Lupe se ha sentado en la cama y contempla el suelo con sombría tristeza.

—Oye… ¿no te ha dicho nunca si me quiere?

—¿Quién?

—Leonarda… A ti te habrá dicho algo… Dime… te ha dicho que me quiere… o que no me quiere ya…

Hay un extravío en su mirada, una obstinación en su frente, una angustia en la expresión de sus ojos, que no me atrevo a decir lo que se me ocurre.

—No sé… a mí no me ha contado nada.

—Sí… Algo te habrá dicho… Dímelo… ¡O es que me ha dejado de querer del todo!

Vuelvo a mi casa… En mi corazón se han hecho hoy amarillas todas las hojas del otoño…

Jorge y yo hablamos un momento en la mesa.

—Me ha dicho Rosarito que el divorcio de mutuo acuerdo es el más discreto y conveniente… no hay que alegar nada, no hay que echar culpas de uno a otro, es más rápido y menos molesto…

No me contesta.

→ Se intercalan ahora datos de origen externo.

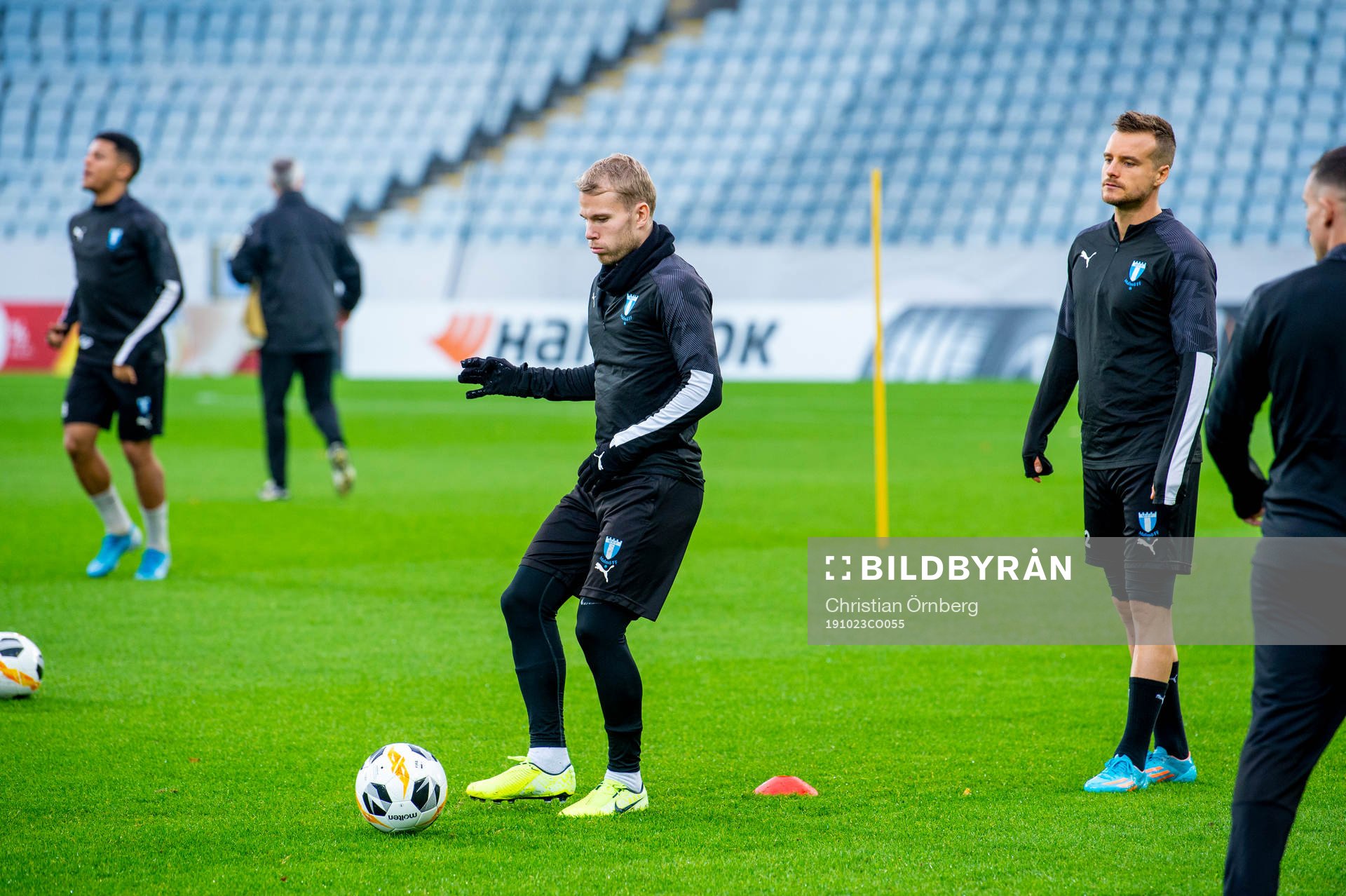 Oscar Lewicki of Malmö FF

Cuando vuelve a su cuarto da un portazo violento. Pues, ¿qué quería? O, ¿es que no sabe lo que quiere?

Siguen los días de lluvia y he decidido, una vez más, no ver a Lupe. Pinto sin descanso, apurando la última luz de la tarde, y levantándome cuando comienza el día, fumo cigarrillos y espero… ¿qué? Espero a Lupe a quien no he visto hace dos días, la espero sin decírmelo… Al contrario. ¡Si no quiero que venga! ¡Si no quiero verla más! La prueba ya está hecha. Yo quería saber lo que sería Lupe para mí lejos de Leonarda… Ya lo sé.

Otro día de otoño. Pero este, risueño, lavado con las lluvias de días anteriores, fresco, dorado, alegre, como una reminiscencia de los días del verano… Sentada en el sofá del estudio disfruto de la paz del día. Un día más… Si pasan ocho sin ver a Lupe, ya sé que estoy curada.

Entra la muchacha y me da una carta… ¡Nueva York! Es de Carmenchu que se fue en la primavera con una beca…

«Vente a pasar un par de años. Aquí tienes mucho ambiente. Pintarás como en España y ganarás diez veces más que allí. He hablado con varias familias y están deseando que vengas a inmortalizar la infancia de sus pequeños… Decídete».

Suena el teléfono. Es Rosarito. Hablamos.

—Si tu marido se pone en plan de callar y dar portazos, se impone un viaje…

—Justamente ahora mismo recibo carta de Carmenchu… Me dice que vaya…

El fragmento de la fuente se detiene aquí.